At the start of this year I was laid off from my seven year employer and took that time to finish my degree. They lost more than 50 jobs that month, so I guess it was inevitable.

My last employer said that if business picked up they would call me back, but they knew I was soon to become a college graduate. I doubt they will have need for more Guards any time soon. They had lost ten jobs the month before and fifteen two months earlier.

In four years I hope to get my certification from the state as a Mental Health Counselor. I want to help people. I can get this degree without working another day if I wanted to cash in my retirement plan and come away with tens of thousands in debt. I don’t see this as an option. A man is better off working than borrowing.

I look for honest work for honest pay.

Thank you for your time,

Richard Leland Neal

Monday, July 11, 2011

California Heat

Well, here is a letter to Cassi, and one that isn’t more than a year old. Well, I’m slowly braking away from my depression, so I should be able to post regularly.

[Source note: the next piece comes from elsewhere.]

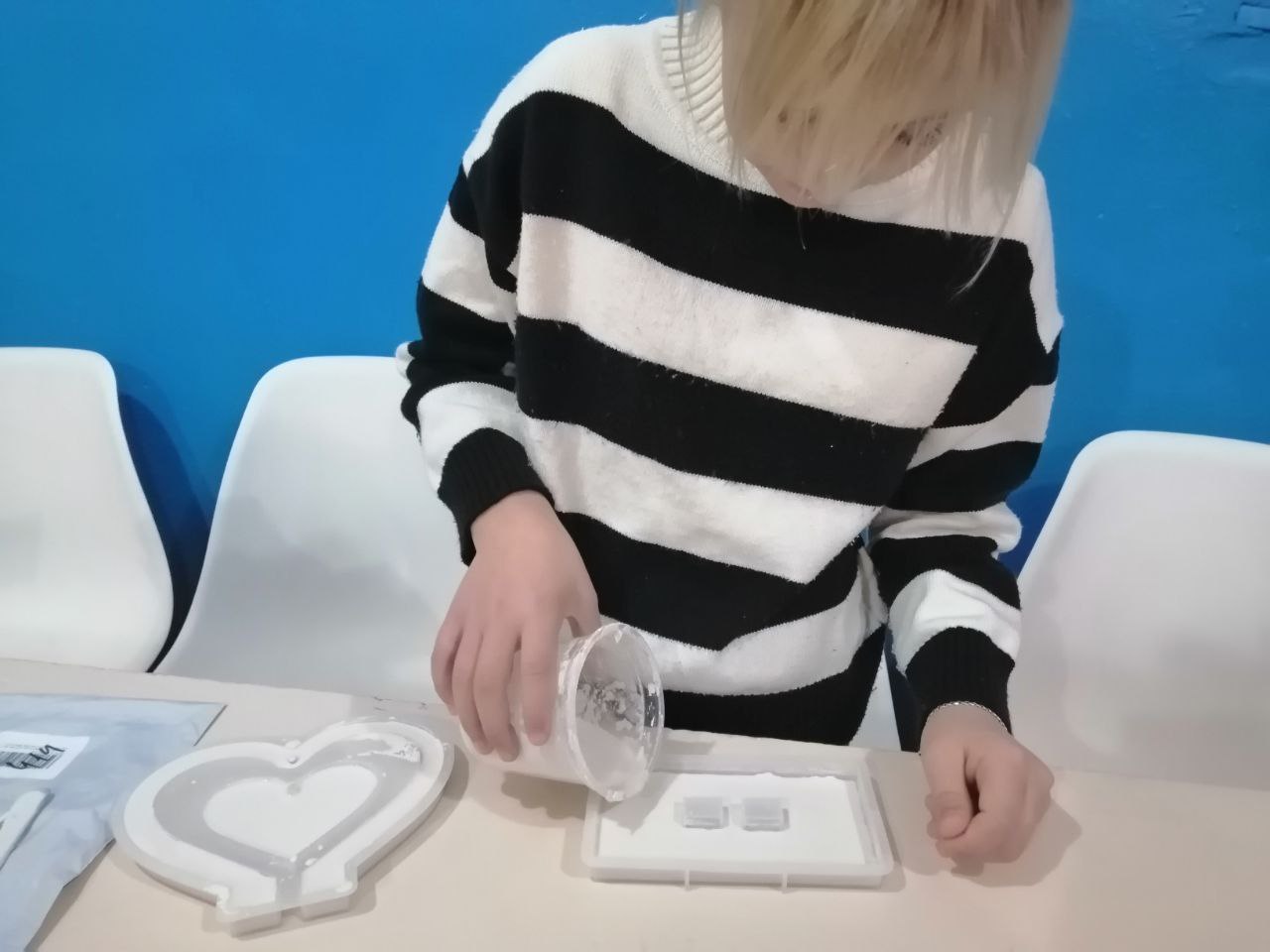 В преддверии Дня матери в Долинском клубе досуга прошёл мастер-класс «Сердце для мамы»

I go over my old letters every now and again, and look after the ones that I think make interesting reading. I should have a year’s worth of letters sitting around. Getting them up is en effort some times, but I always feel better once I’ve done so.



5th July 2011
Dear Cassi,

The California heat has drained me of my strength. The hottest hours of the day I reserve for sleep, but this activity would be impossible if not for the fan constantly taking the sweat from my skin. The air is like a dog’s breath, and I awaken feeling like a soul trapped in a corpse. Even as I write this I’m forced to take the refuge of sleep on again before I can continue.

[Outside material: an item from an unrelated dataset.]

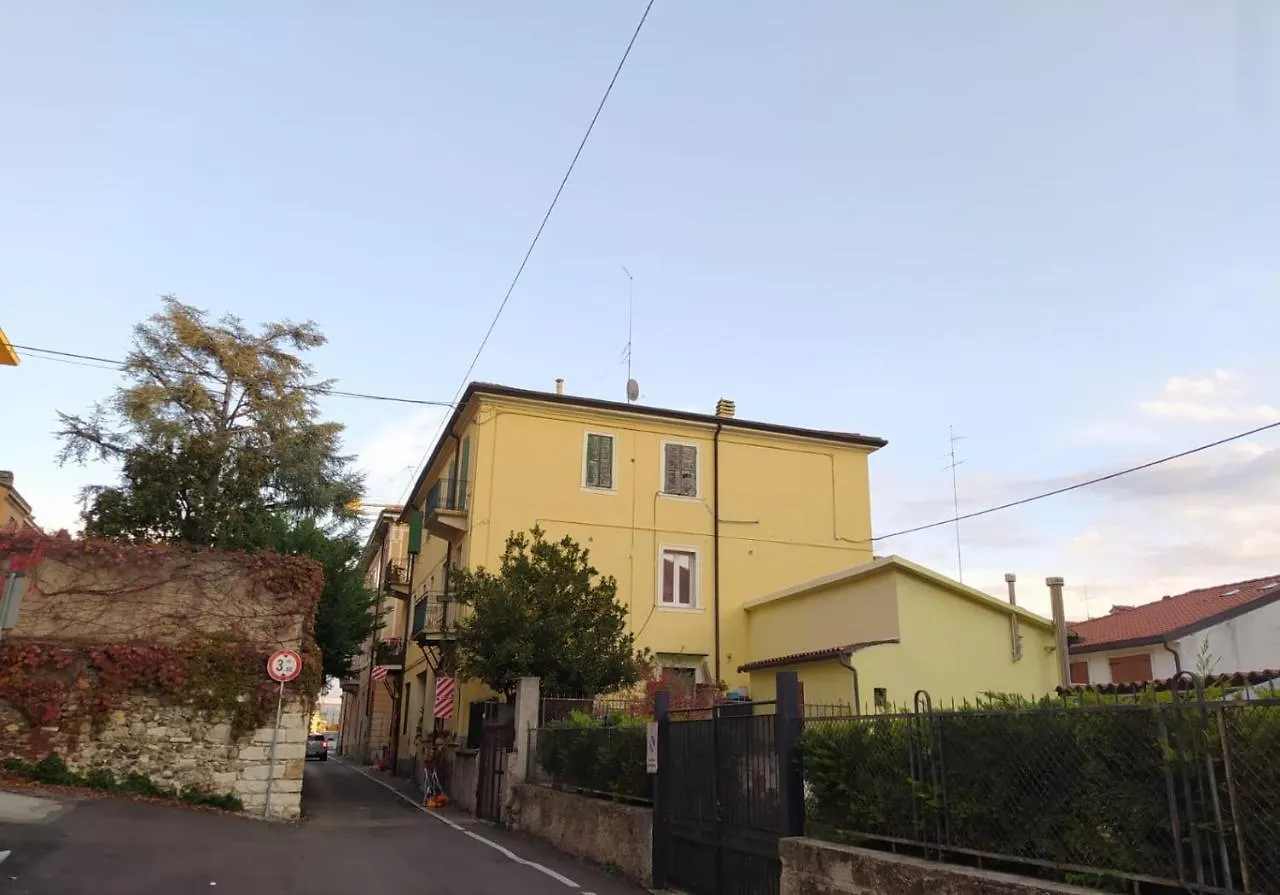 Apartment Ferienwohnung Verona-Portavescovo Graziosa Casa Con Balcone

We celebrate the past with fireworks that sap the air of what we breathe. Our celebrations would be so much more enjoyable if we hadn’t already poisoned the sky. We breathe to blacken our lungs more than to stay alive.

I’m not the only person down here with depression, and that is the strangest thing in the land of sunshine and amusement parks. Once again the world is wonderful, but we in it making each other miserable.

Slowly I can feel life returning to my body as the water I drank filters through. They say it can take as much as six hours for the body to absorb water back into its extremities. Why this happens I can only speculate. I would think that water must first be returned to the brain, but still it must be tapped from the gut, run through the blood, and seep back into the outer bits of the body. That is a long way for water to go, and it has to change along the way.

The human body, like the modern life, is a complicated thing, full of odd bits and trimmings, and ever in a state of half balance. It is a strange luck that we can think at all with the labyrinth of half functioning bits we need to deal with.

Living is a complicated piece of work and the marvels of this world are things we rarely look at. We are things of shadow and dust made whole through water and air.